──────── RAW DATA

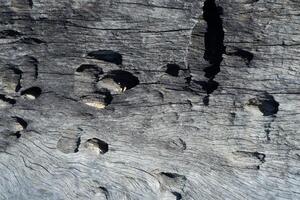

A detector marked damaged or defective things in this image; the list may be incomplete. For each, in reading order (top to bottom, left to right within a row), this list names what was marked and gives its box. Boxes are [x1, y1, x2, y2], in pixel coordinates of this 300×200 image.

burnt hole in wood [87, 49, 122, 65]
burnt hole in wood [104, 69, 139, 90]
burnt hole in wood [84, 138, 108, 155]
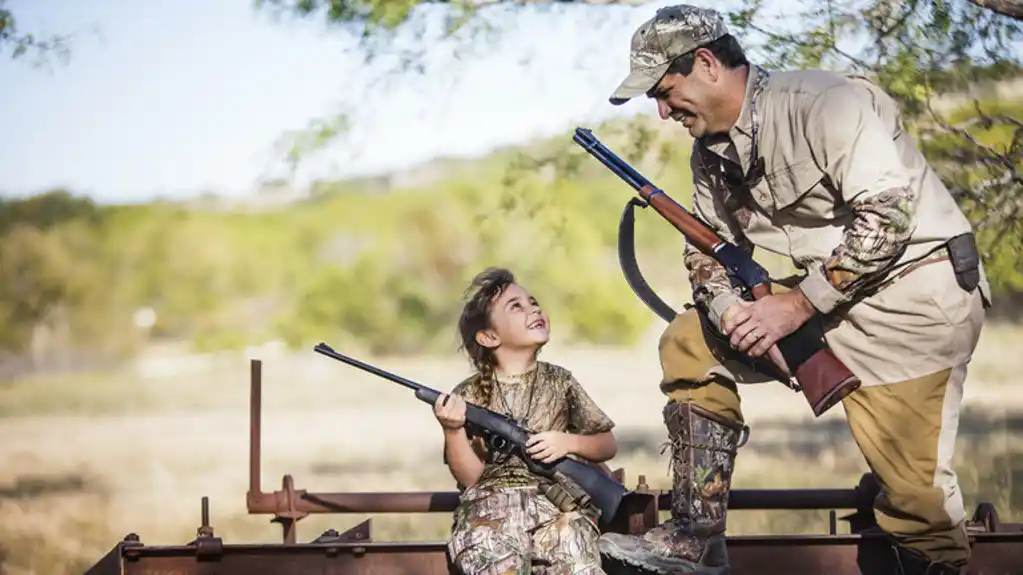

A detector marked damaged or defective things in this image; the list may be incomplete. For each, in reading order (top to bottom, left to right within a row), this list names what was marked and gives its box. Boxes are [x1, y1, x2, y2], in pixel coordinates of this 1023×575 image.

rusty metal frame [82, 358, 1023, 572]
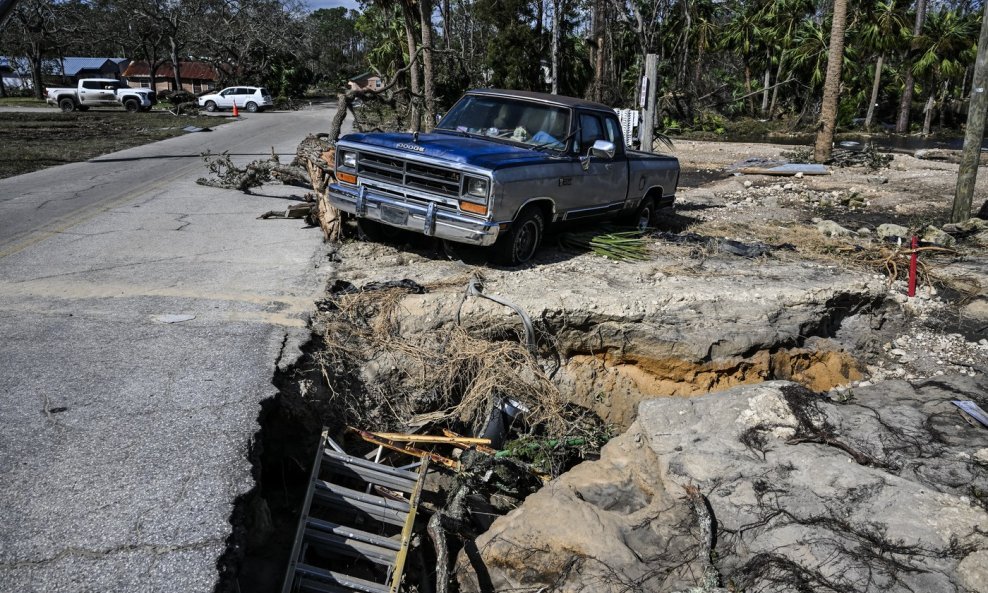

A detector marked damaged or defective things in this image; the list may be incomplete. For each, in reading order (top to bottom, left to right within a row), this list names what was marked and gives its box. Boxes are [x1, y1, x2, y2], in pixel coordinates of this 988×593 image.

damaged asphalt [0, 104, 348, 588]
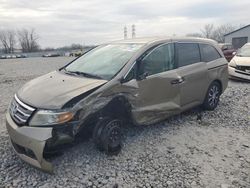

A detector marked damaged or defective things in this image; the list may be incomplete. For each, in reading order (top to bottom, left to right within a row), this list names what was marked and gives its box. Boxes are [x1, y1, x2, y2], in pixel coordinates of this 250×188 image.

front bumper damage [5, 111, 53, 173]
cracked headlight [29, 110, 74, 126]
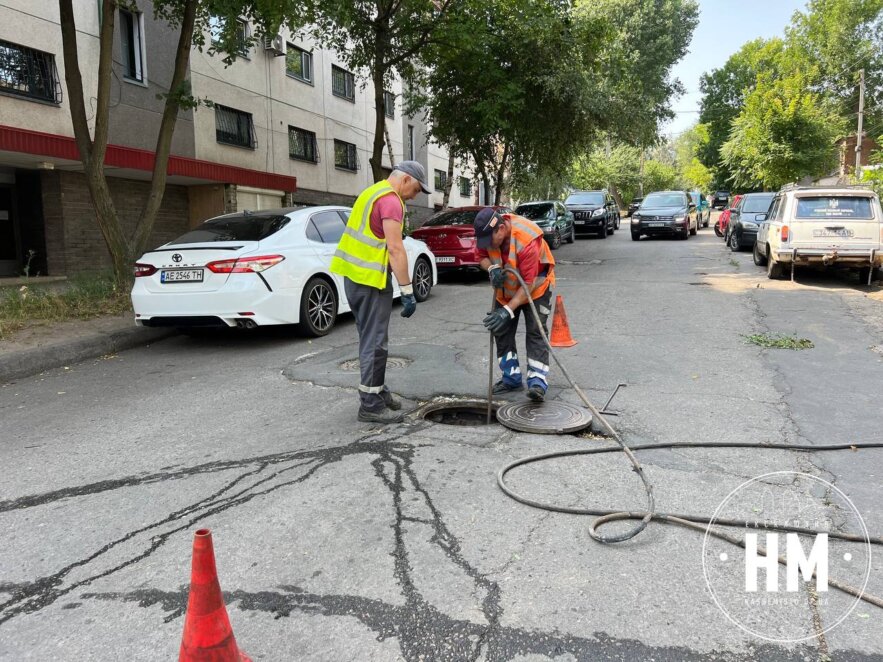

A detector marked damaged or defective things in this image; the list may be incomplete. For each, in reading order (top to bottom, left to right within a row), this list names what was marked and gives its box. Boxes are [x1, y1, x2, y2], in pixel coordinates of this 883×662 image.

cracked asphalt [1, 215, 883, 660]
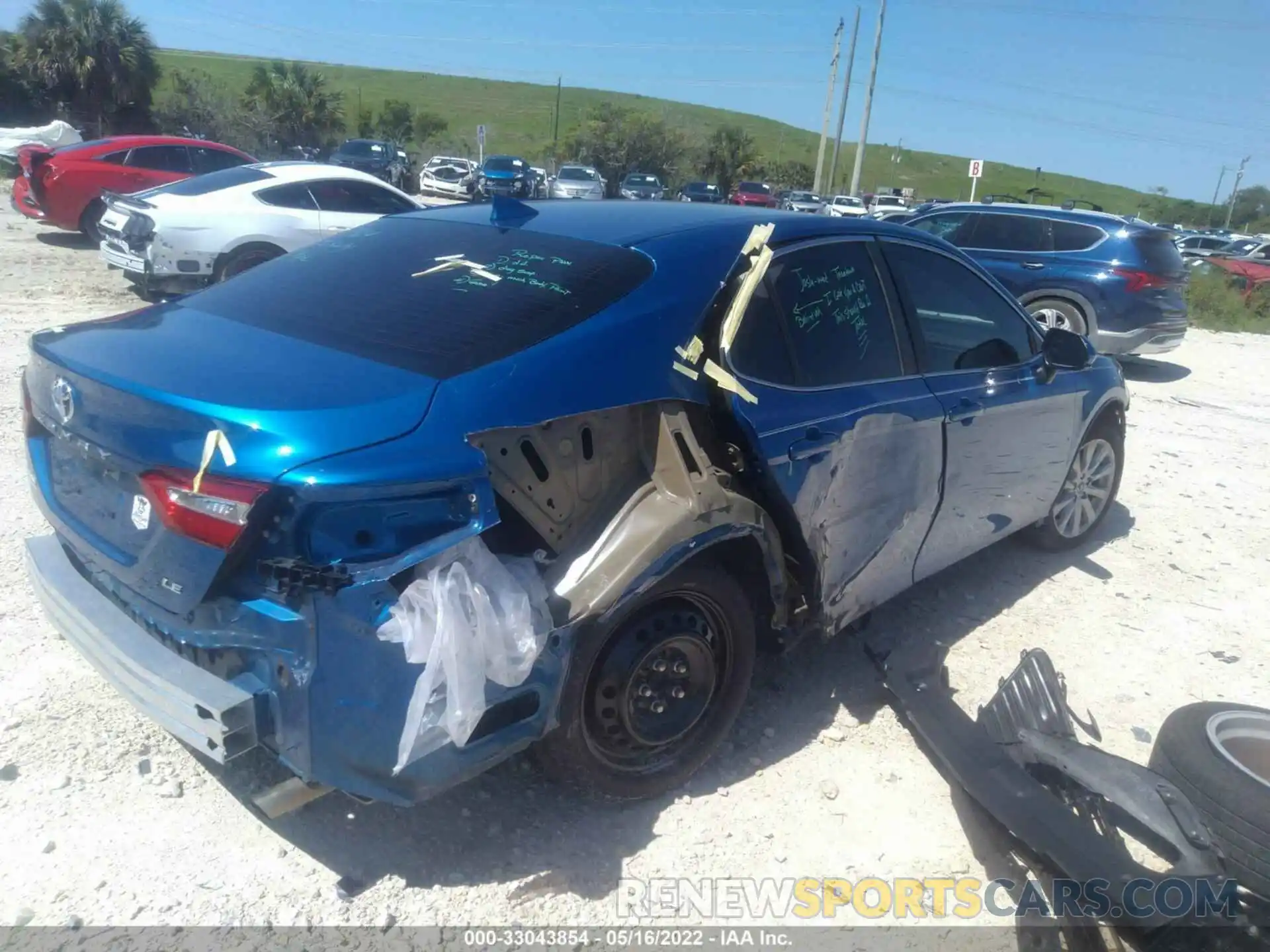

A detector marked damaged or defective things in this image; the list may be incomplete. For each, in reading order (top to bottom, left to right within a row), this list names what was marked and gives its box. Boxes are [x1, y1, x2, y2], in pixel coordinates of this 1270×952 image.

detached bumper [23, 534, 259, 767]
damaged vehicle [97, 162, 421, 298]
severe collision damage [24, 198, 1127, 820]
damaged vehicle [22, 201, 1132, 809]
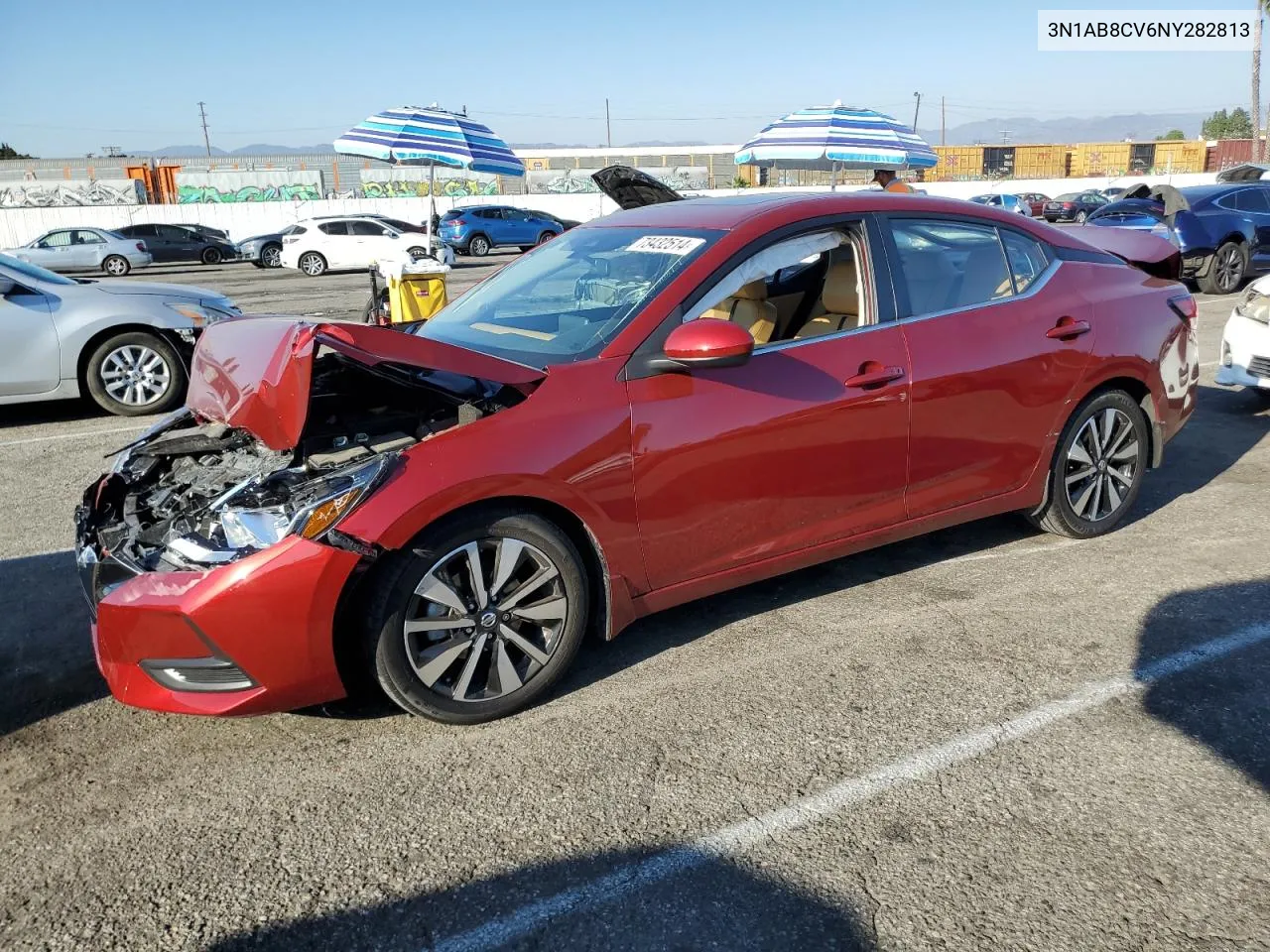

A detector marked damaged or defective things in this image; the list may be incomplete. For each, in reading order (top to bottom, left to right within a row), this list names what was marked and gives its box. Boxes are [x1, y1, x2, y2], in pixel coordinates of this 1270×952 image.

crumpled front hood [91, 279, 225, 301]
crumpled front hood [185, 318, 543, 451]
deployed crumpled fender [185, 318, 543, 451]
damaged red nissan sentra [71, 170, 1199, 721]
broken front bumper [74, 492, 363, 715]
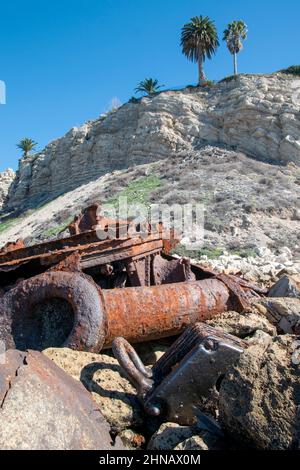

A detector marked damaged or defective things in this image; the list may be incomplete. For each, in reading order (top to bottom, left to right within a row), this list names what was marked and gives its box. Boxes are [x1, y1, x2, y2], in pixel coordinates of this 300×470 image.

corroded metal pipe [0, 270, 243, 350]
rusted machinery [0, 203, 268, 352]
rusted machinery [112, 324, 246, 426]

────────────────

Exactly the lines from the one with "this 883×662 image." through the end of the records are to be repeated, both ends included, and pictures are to be omitted.

A detector marked damaged or defective things in this image; the list may be incomplete. For each, in reading order (top to bottom, left to right within a row), this list names what was marked and gives its box. Boxes are [x1, y1, x2, y2], in pixel coordinates of this 883×662 image.

cracked asphalt [1, 215, 883, 660]

A detector marked damaged or defective things in this image; the list may be incomplete. For each, in reading order (top to bottom, left to right within a row), this list names what was marked and gives its box. Boxes are [x1, y1, x2, y2], in pixel coordinates of this 1270×952 image.

detached bumper [23, 534, 259, 767]
damaged vehicle [97, 162, 421, 298]
severe collision damage [24, 198, 1127, 820]
damaged vehicle [22, 201, 1132, 809]

A detector marked damaged or defective things in this image; the list may be incomplete. For each, in reading order (top to bottom, left to right within a row), this list names what was marked and gives its box. Boxes are [x1, y1, x2, y2], in pixel coordinates of this 1270×952 image.

crumpled front hood [91, 279, 225, 301]
crumpled front hood [185, 318, 543, 451]
deployed crumpled fender [185, 318, 543, 451]
damaged red nissan sentra [71, 170, 1199, 721]
broken front bumper [74, 492, 363, 715]

A detector marked damaged or defective things in this image; the list may be incomplete. For each, in reading order (top to bottom, left to right within a row), this list names what was marked and gives its box. Boxes are [x1, y1, x2, y2], in pixel coordinates of this 300×470 image.

corroded metal pipe [0, 270, 243, 350]
rusted machinery [0, 203, 268, 352]
rusted machinery [112, 324, 246, 426]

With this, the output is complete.